Problem statement: The answer is a stretch of the material below, returned exactly: the line containing "A RING AND A", the line containing "June 2015: Burundian", and all lines between.
----------------
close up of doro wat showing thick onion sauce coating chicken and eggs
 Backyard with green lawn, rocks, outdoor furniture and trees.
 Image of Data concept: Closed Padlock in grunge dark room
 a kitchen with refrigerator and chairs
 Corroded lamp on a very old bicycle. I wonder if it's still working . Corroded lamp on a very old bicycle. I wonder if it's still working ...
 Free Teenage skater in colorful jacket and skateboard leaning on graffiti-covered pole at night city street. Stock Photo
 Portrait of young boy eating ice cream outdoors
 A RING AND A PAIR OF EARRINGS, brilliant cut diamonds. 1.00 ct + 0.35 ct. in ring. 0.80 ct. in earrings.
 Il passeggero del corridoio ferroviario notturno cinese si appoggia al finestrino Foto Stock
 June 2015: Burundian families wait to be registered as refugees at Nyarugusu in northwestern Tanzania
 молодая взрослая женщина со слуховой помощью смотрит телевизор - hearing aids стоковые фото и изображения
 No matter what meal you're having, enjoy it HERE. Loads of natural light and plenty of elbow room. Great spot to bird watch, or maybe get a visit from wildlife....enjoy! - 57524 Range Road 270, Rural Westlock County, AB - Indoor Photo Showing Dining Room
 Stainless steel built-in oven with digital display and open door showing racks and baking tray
----------------
Answer box:
 A RING AND A PAIR OF EARRINGS, brilliant cut diamonds. 1.00 ct + 0.35 ct. in ring. 0.80 ct. in earrings.
 Il passeggero del corridoio ferroviario notturno cinese si appoggia al finestrino Foto Stock
 June 2015: Burundian families wait to be registered as refugees at Nyarugusu in northwestern Tanzania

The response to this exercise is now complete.